What I'm curious about are the cases where it is extremely obvious that one
song is based on another, and no one says anything.

Case in point: "Jolly Roger" by Adam and the Ants [1], from 1980. This is
extremely similar to "The March of the MacGregors" by Ennio Morricone, from
the 1966 film "Seven Guns for the MacGregors" [2].

It's not only the same melody, "Jolly Roger" is also largely the same
arrangement.

[1] [https://www.youtube.com/watch?v=hc_-
vSIy3fY](https://www.youtube.com/watch?v=hc_-vSIy3fY)

[2]
[https://www.youtube.com/watch?v=N5JQ1JTsJ4k](https://www.youtube.com/watch?v=N5JQ1JTsJ4k)

------
camjohnson26
Anecdotal, but I’m a big fan of Lecrae’s music and Joyful Noise was probably
the biggest hit in Christian hip hop of the time. First time I heard Dark
Horse on the radio I laughed and told a friend that they totally ripped off
Joyful Noise, it was very obvious since that riff is the focal point of the
song. Don’t know if I agree with the lawsuit but the similarities are there.

Joyful Noise: [https://youtu.be/jTLeHuvHXuk](https://youtu.be/jTLeHuvHXuk)

Dark horse: [https://youtu.be/0KSOMA3QBU0](https://youtu.be/0KSOMA3QBU0)

------
acomjean
This is direct fallout from the Marvin Gaye Estate/ Robin Thicke "blurred
lines" lawsuit mentioned in the article.

Those songs aren't that similar (the jury didn't even hear both songs if I
remember correctly), and after the verdict wasn't corrected on appeal the
stage was set for more of these. The "easy money" angle of results (5 million
to the estate of a singer for a 70s song.... just get lawyers).

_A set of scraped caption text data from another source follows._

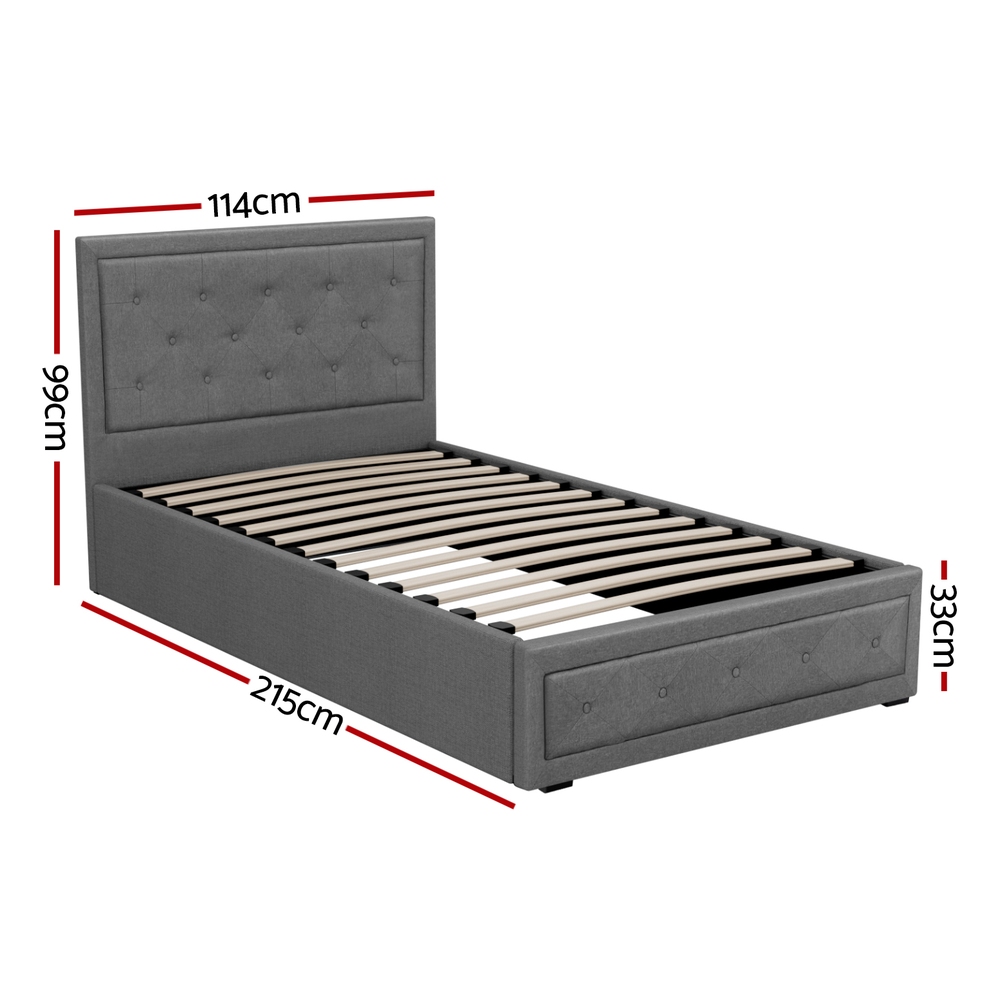 Artiss Bed Frame Queen King Single Double Full Size Gas Lift Base With Storage - Picture 14 of 18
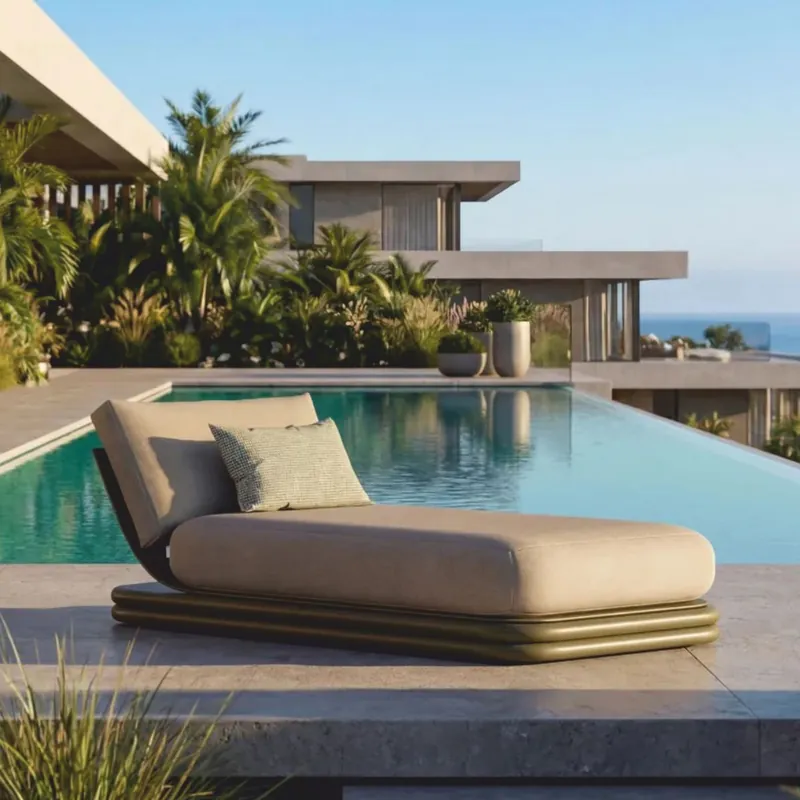 Casa Padrino chaise longue de jardin de luxe beige / vert mat 200 cm - Chaise longue de piscine de luxe Versand Am Gleichen Tag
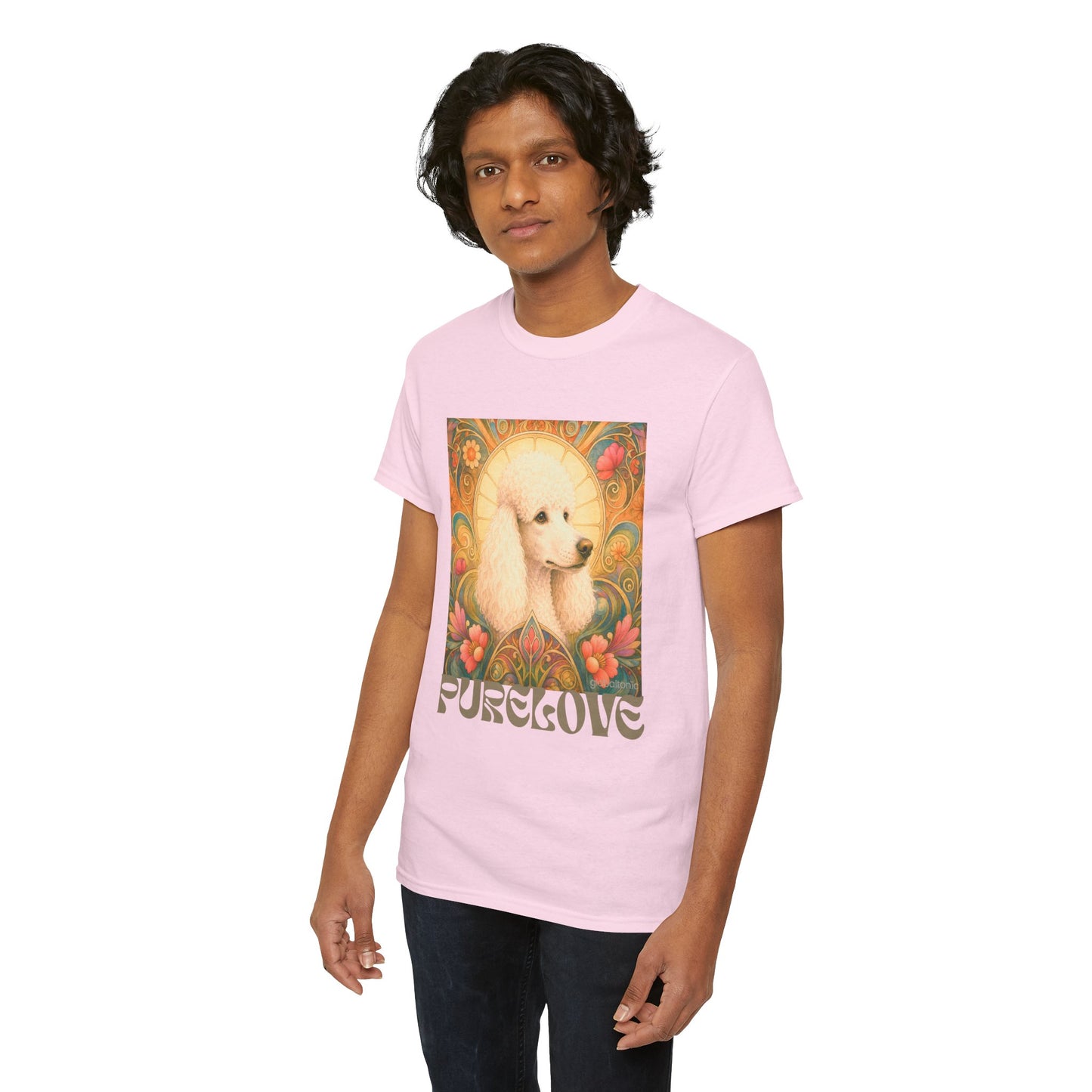 White Poodle Vintage Graphic T-Shirt – Unisex Cotton Tee for Dog Lovers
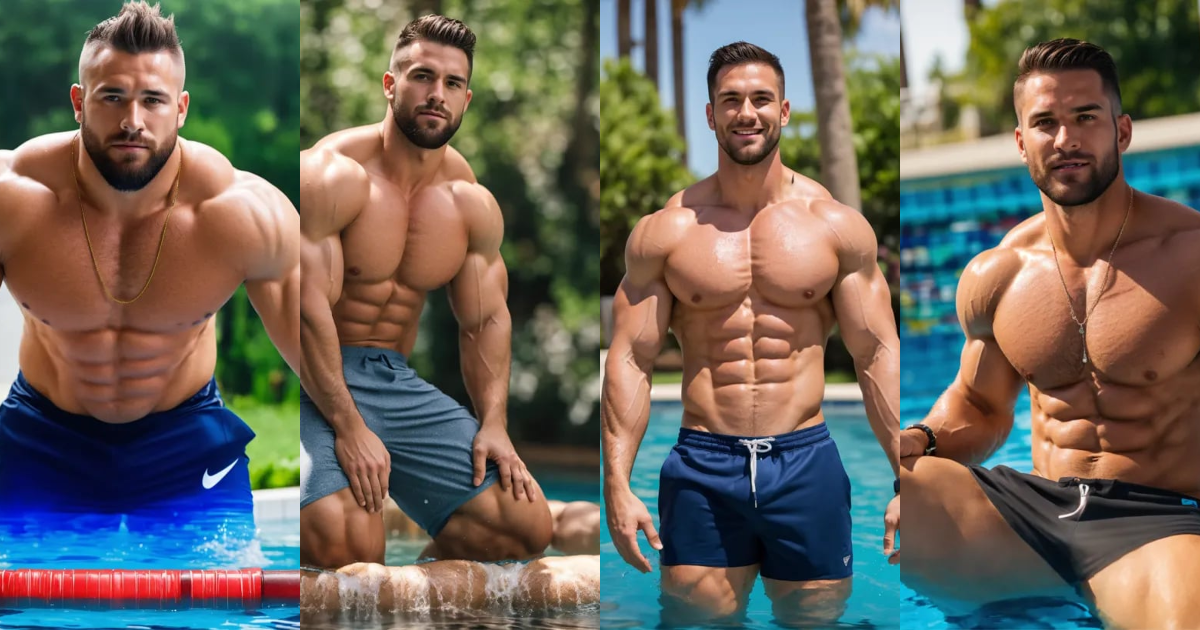 Lexica - 30-year-old man with big muscles, soft build, in a pool, big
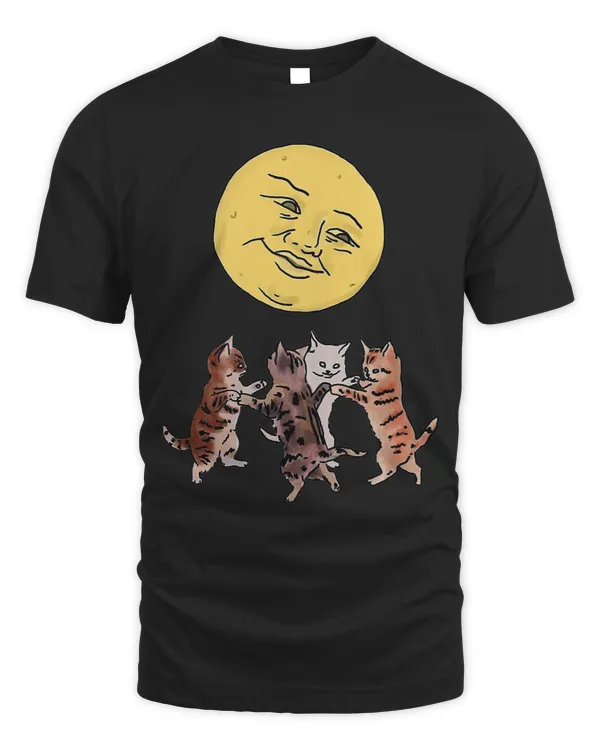 Cute Moonlit Feline Kittens Fiesta Dancing Under Moon Light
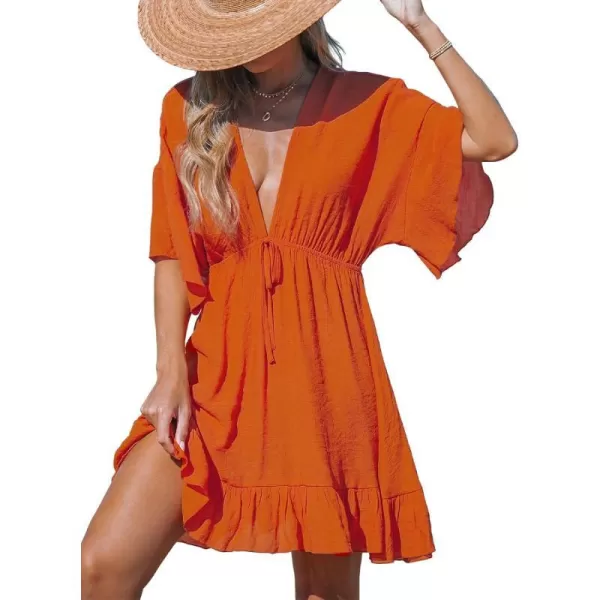 imageCUPSHE Womens Swimsuit Coverup Deep V Neck Ruffle Bathing Suit Beach Dress Tie Waist Bikini Cover UpOrange
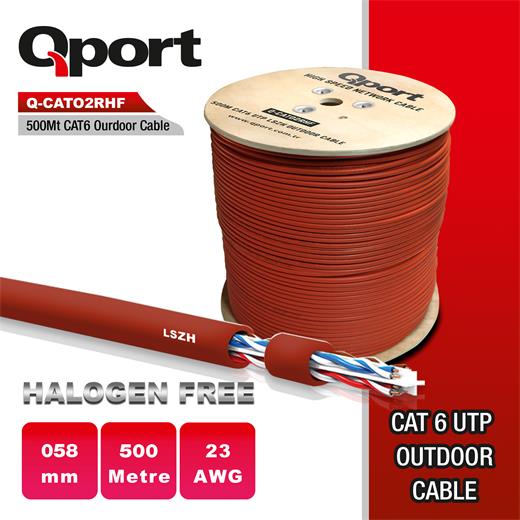 Qport Q-Cato2Rhf Lszh 500 Metre 23Awg Makaralı Halogen Free Kablo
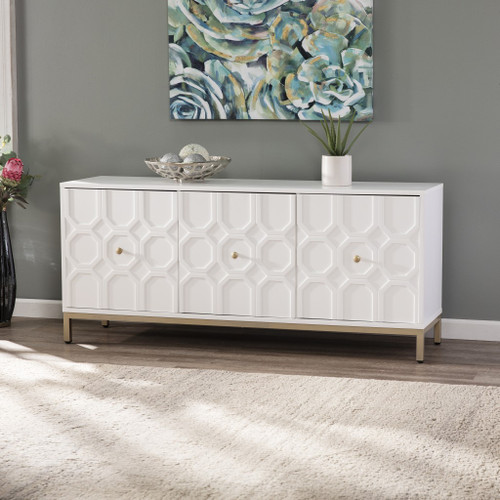 White and Gold Moroccan Dynasty Three Door Accent Cabinet - 808230099968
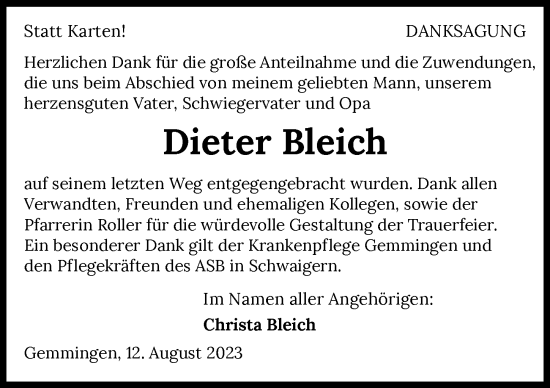 Traueranzeige von Dieter Bleich von GESAMT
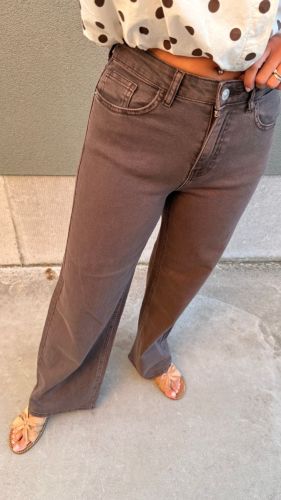 PCSILKE MW WIDE COLORED JEANS 302664 Hot Fudg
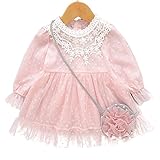 YY-Natuhi ベビー服 子供服 女の子 ワンピース キッズ ドレス 新生児 ボディースーツ ベビー 長袖 ベビースーツ 秋冬 かわいい 赤ちゃん 入園式 入学式 ピンク レース 水玉チュール (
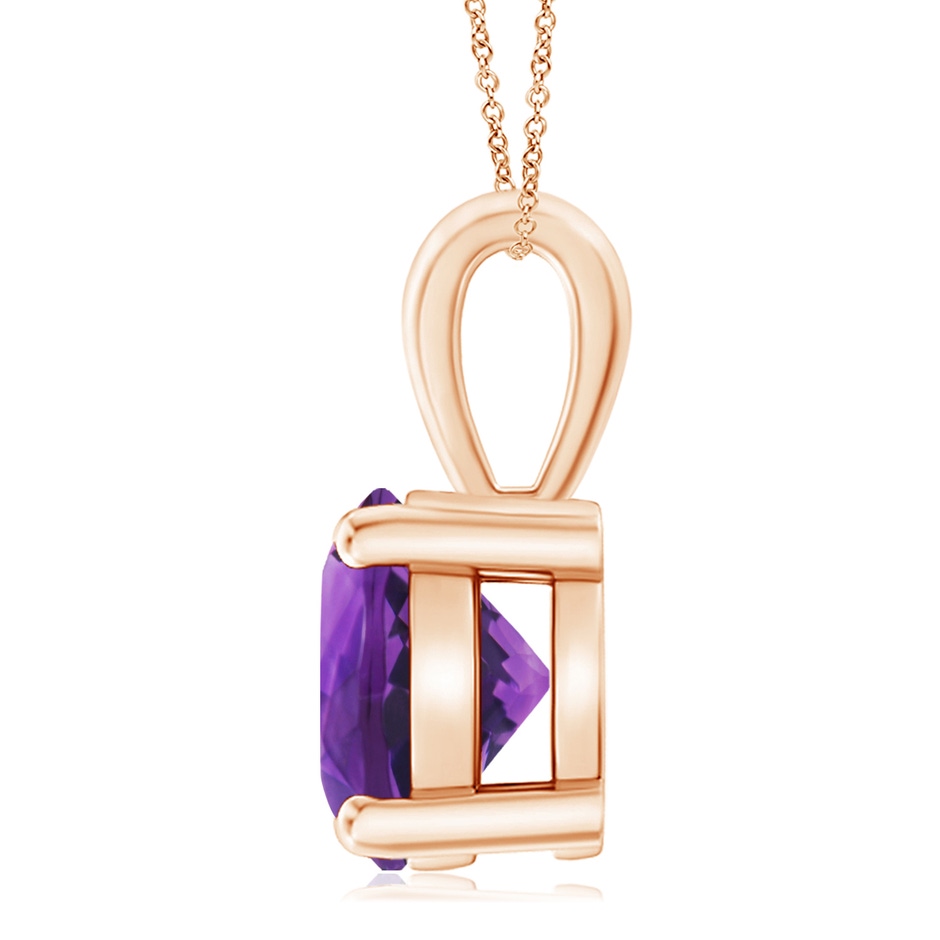 11mm AAAA Classic Prong-Set Round Amethyst Solitaire Pendant in Rose Gold side 199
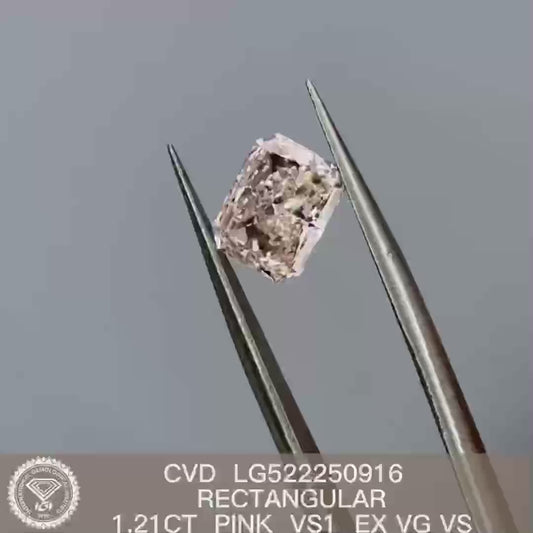 Radiant Cut 1.21ct Faint Pink VS1 CVD Lab Grown Diamond IGI Certificate LG522250916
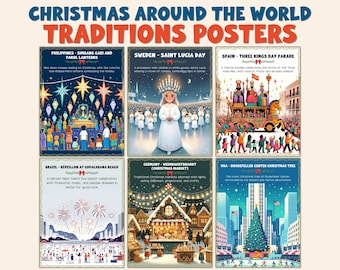 Weihnachten auf der ganzen Welt Poster | Klassenzimmer Dekor | Urlaub Pinnwand Printables | Globale Traditionen | InternationalWeihnachtstraditionen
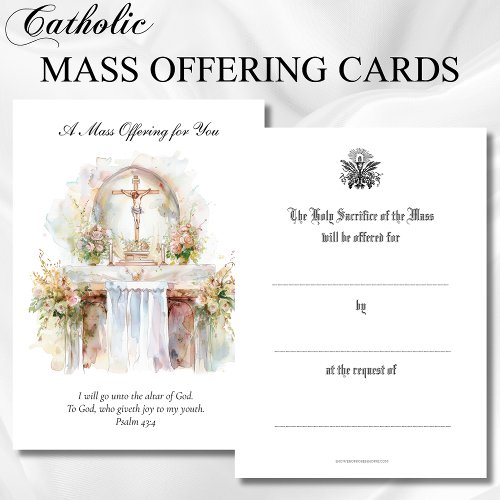 Catholic Mass Offering Intentions Remembrance Note Card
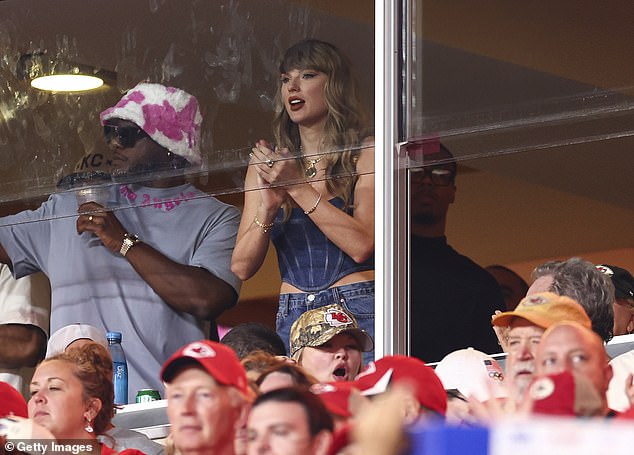 Swift was seen cheering on her boyfriend from the stands at Arrowhead Stadium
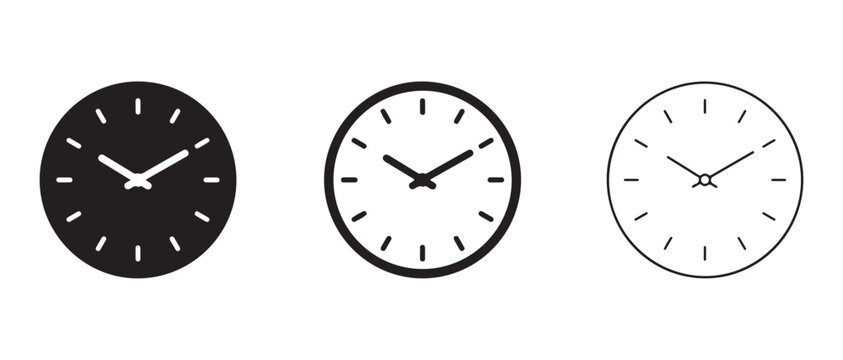 analog clock designs with minimalist hour markers and hands isolated on transparent background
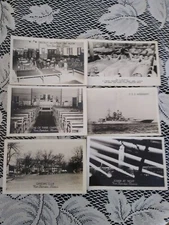 LOT OF 6 MILITARY FORT SHERIDAN GREAT LAKES NAVAL USS MISSISSIPI POSTCARDS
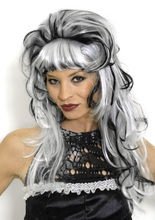 Gothic-Vampir-Perücke Saphira weiß-schwa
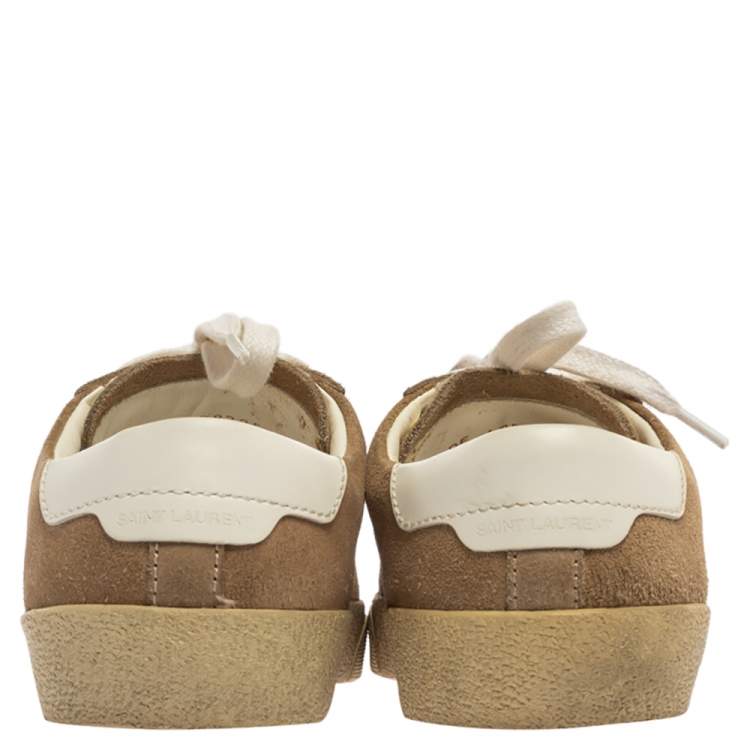 Pre Owned Saint Laurent Paris Light Brown Suede Court Classic Logo Sneakers Size 38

It seems likely we are going to see more and more of these lawsuits. Sort of a
sad state.

------
segmondy
What a schadenfreude for me. I see most people are saying it sucks, I for one
can cheer on. Screw the music, movie and media industry. Tons of laws and
garbage we suffer on the internet today is because of them and their lobbying
efforts. There approach towards everything has been litigation hell, let them
feel their own pain.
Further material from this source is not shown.